====== Data supplied

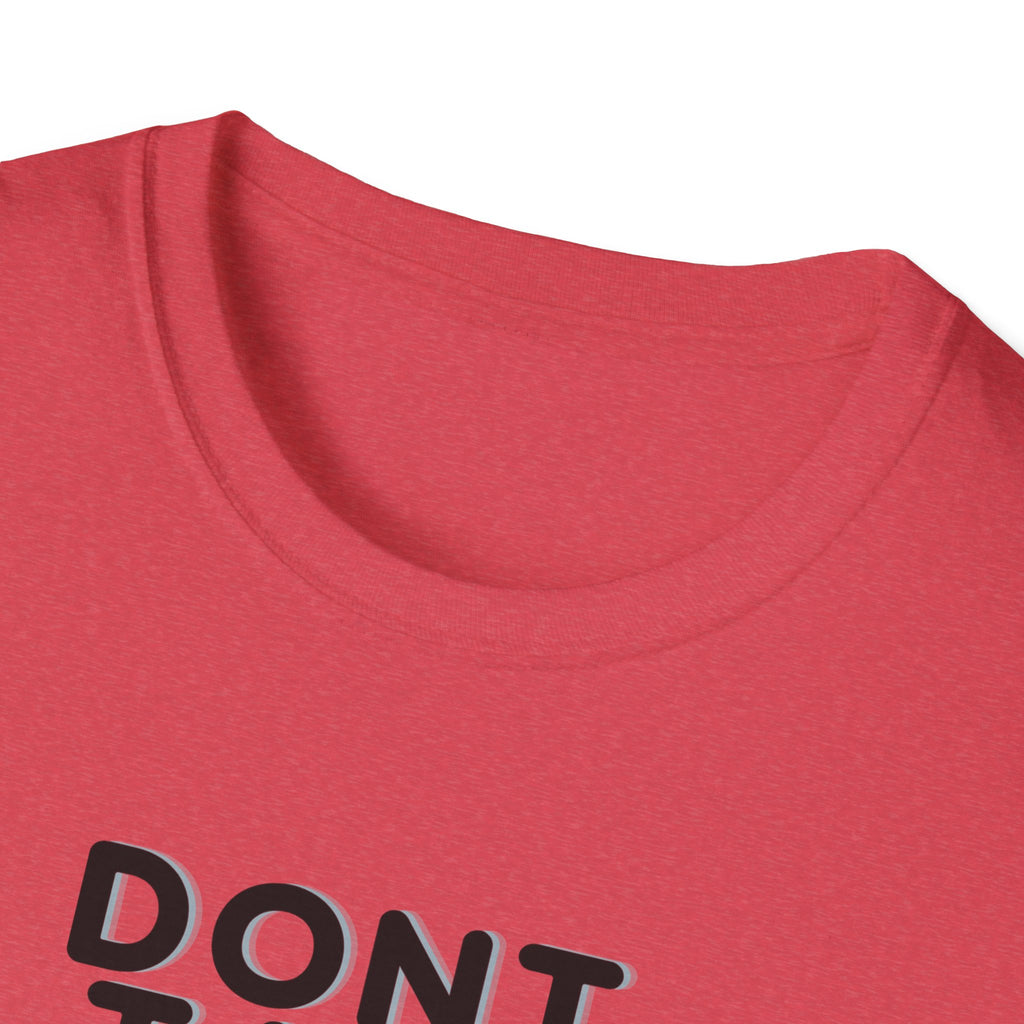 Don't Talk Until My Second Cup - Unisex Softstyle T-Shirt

============
====== Data supplied

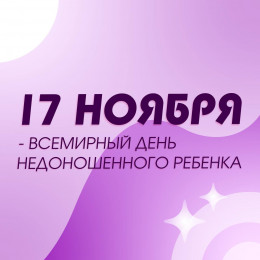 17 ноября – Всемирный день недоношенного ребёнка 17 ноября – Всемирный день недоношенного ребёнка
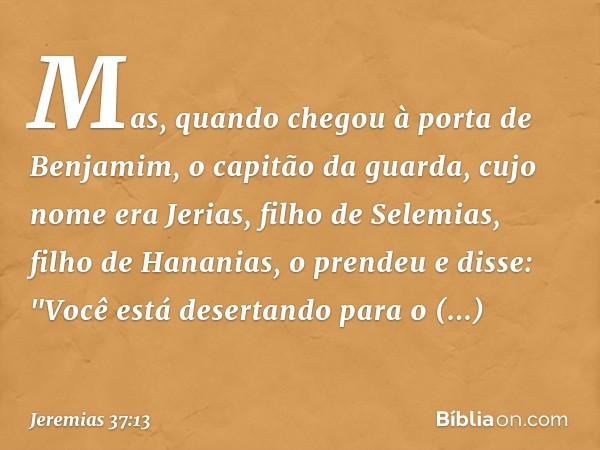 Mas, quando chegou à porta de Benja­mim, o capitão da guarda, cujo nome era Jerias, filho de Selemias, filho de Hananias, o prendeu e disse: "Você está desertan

============

Reproduce the lines above starting at the one with "17 ноября – Всемирный день недоношенного ребёнка 17" and ending at the one with "Mas, quando chegou", both included, exactly and with no pictures.

## Response for this exercise:
 17 ноября – Всемирный день недоношенного ребёнка 17 ноября – Всемирный день недоношенного ребёнка
 Mas, quando chegou à porta de Benja­mim, o capitão da guarda, cujo nome era Jerias, filho de Selemias, filho de Hananias, o prendeu e disse: "Você está desertan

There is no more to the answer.